(INFORMATION SHOWN Opens)

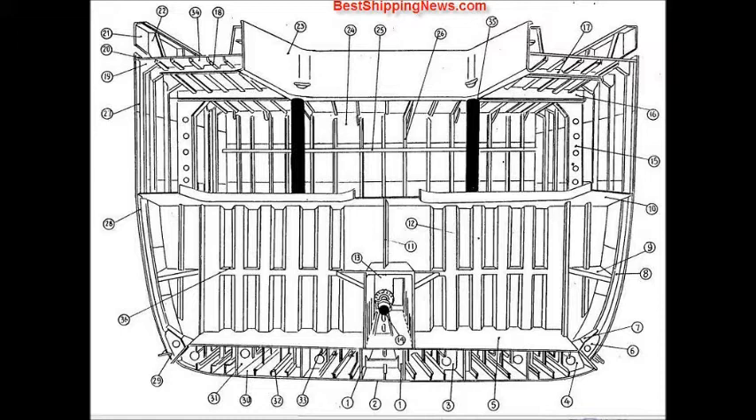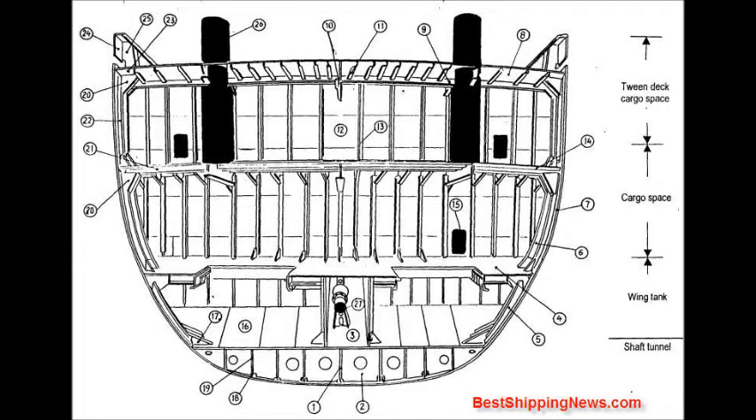Beam bracket, stringer plate, bulwark plate, bulwark stay, hatch coaming, bulkhead plate, horizontal girder, vertical bulkhead stiffener, sheer strake, side plating, bilge strake, bottom plating, side girder, bottom longitudinal, tank top longitudinal, upper deck, hold pillar, horizontal girder, center girder.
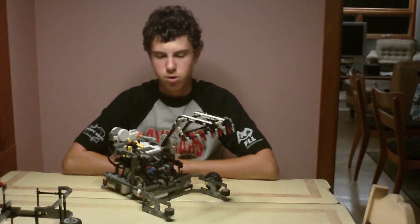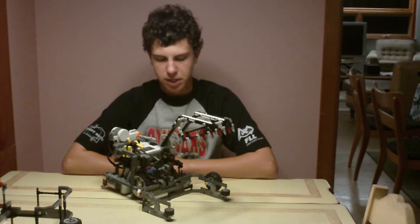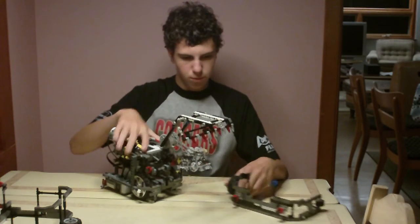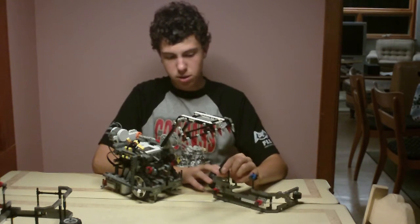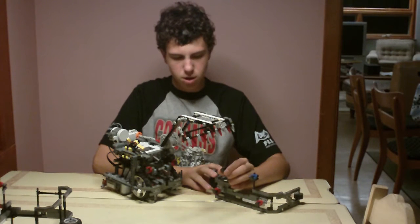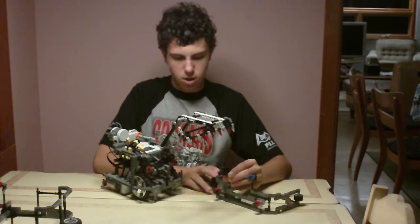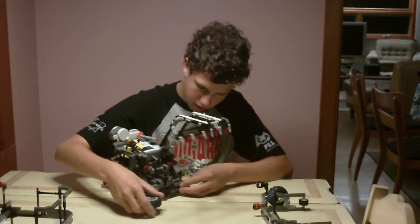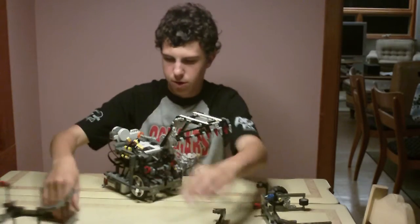One of the things we use with our robot is magnetic tool switching for quick attachment and removal. We use Lego magnets, and they have a standard location on the robot and tools, so that all of our tools have the same magnetic attachment points and they go on and off very quickly.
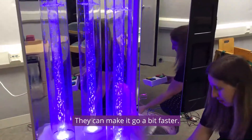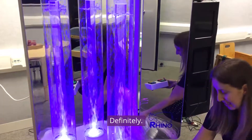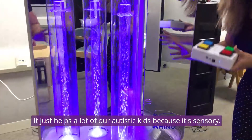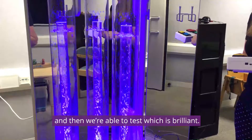We can make it go a bit faster. And you said that it's kind of helped the children already who've used it? Definitely. So it just helps a lot of our autistic kids, because it's sensory — they don't like their ears being touched, so we keep them distracted with this, and then we're able to test, which is brilliant.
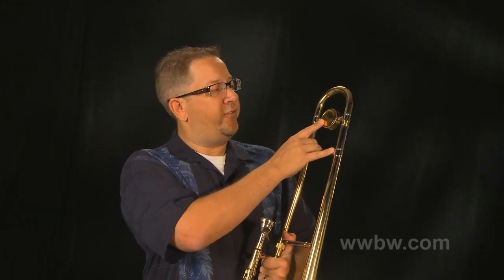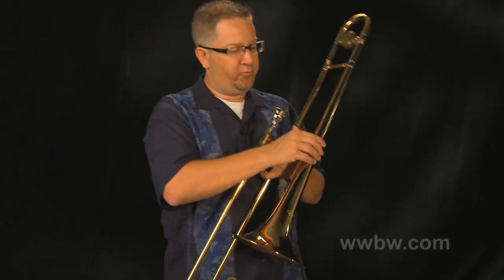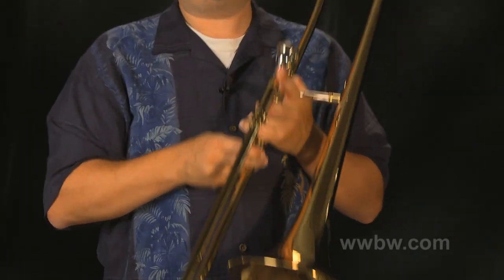A couple of features in particular I want to point out. It's got a really nice heavy-duty balancer on the back of the instrument. That helps keep the balance from front to back for a younger student that might have some difficulty holding the horn. It's really important to have that good weight there. Really nice slide lock to keep the slide locked in position when you're not playing it. Heavy-duty bracing throughout on the instrument — just a really solid feel, really solid movement.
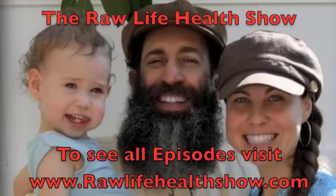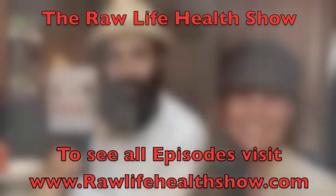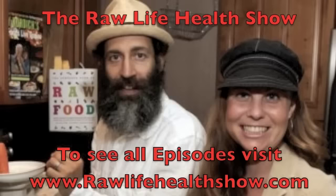All right everybody, until then have a great day and a great raw life. Nature's wealth, good for your health. This is the Raw Life Health Show — Raw Life, brighten up your life.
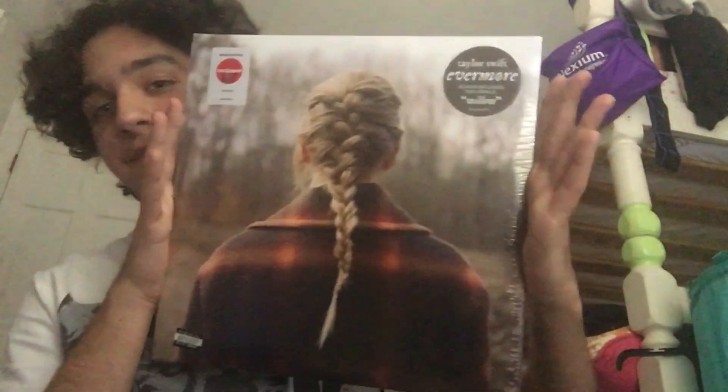I just got a new vinyl and I wanted to unbox it with y'all because why not? So today I will be unboxing — I don't know — unwrapping evermore by Taylor Swift, the vinyl, because it's so pretty and if I got it on CD I just couldn't.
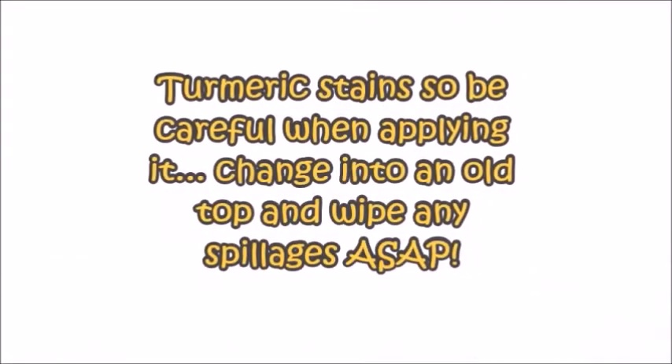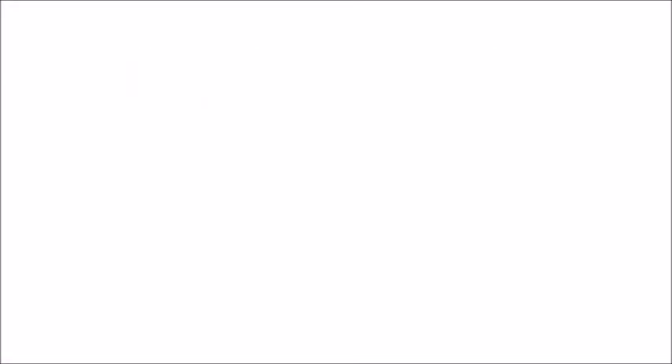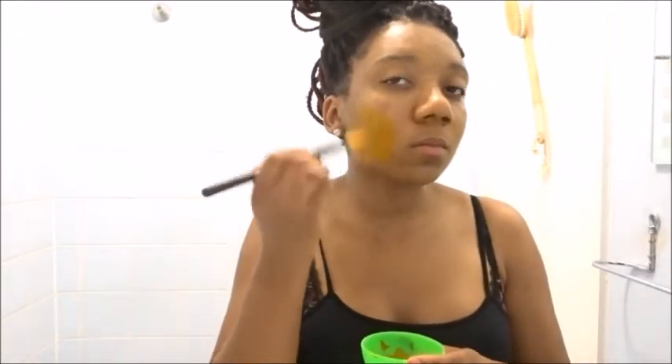Turmeric does stain, so I'm not responsible for any staining. I then get a clean but old brush and begin to apply the mix all over my face.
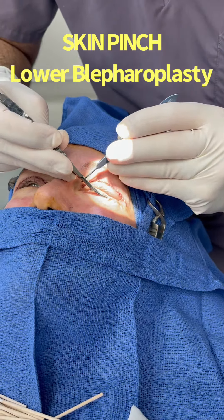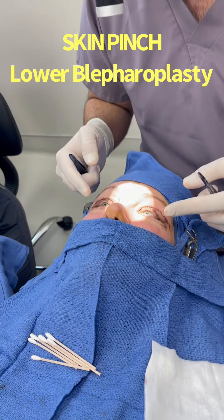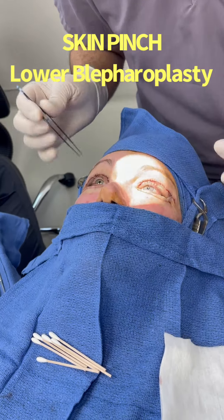Keep looking up please. The incision scar is going to end up being right below the eyelash line. This is the skin we just removed from the left side — it came out of the forcep. It's a fair amount of skin, it's kind of folded right now.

(INFORMATION SHOWN Closes)

Your task is to reproduce the entries above word for word, from the first line through the line with "We can make", and please leave out any pictures.

Beam bracket, stringer plate, bulwark plate, bulwark stay, hatch coaming, bulkhead plate, horizontal girder, vertical bulkhead stiffener, sheer strake, side plating, bilge strake, bottom plating, side girder, bottom longitudinal, tank top longitudinal, upper deck, hold pillar, horizontal girder, center girder.
One of the things we use with our robot is magnetic tool switching for quick attachment and removal. We use Lego magnets, and they have a standard location on the robot and tools, so that all of our tools have the same magnetic attachment points and they go on and off very quickly.
We can make it go a bit faster. And you said that it's kind of helped the children already who've used it? Definitely. So it just helps a lot of our autistic kids, because it's sensory — they don't like their ears being touched, so we keep them distracted with this, and then we're able to test, which is brilliant.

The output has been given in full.